## Information provided:
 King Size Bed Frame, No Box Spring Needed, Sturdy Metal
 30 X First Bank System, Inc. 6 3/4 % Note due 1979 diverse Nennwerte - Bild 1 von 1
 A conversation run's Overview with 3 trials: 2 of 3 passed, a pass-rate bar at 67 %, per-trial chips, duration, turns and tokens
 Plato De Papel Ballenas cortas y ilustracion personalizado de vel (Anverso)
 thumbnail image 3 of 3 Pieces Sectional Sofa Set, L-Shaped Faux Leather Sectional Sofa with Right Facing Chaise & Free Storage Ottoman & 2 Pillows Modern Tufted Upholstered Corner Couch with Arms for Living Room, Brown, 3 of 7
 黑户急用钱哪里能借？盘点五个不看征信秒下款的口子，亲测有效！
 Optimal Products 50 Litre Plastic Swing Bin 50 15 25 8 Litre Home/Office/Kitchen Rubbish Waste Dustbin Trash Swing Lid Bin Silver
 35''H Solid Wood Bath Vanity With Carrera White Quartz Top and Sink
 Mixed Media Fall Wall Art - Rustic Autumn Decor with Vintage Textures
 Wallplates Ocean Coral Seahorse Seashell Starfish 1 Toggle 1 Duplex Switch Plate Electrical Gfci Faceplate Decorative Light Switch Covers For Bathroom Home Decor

## What is being asked:
Pick every line from the listing holding the string "Home", and copy it.

## Output for this exercise:
 Optimal Products 50 Litre Plastic Swing Bin 50 15 25 8 Litre Home/Office/Kitchen Rubbish Waste Dustbin Trash Swing Lid Bin Silver
 Wallplates Ocean Coral Seahorse Seashell Starfish 1 Toggle 1 Duplex Switch Plate Electrical Gfci Faceplate Decorative Light Switch Covers For Bathroom Home Decor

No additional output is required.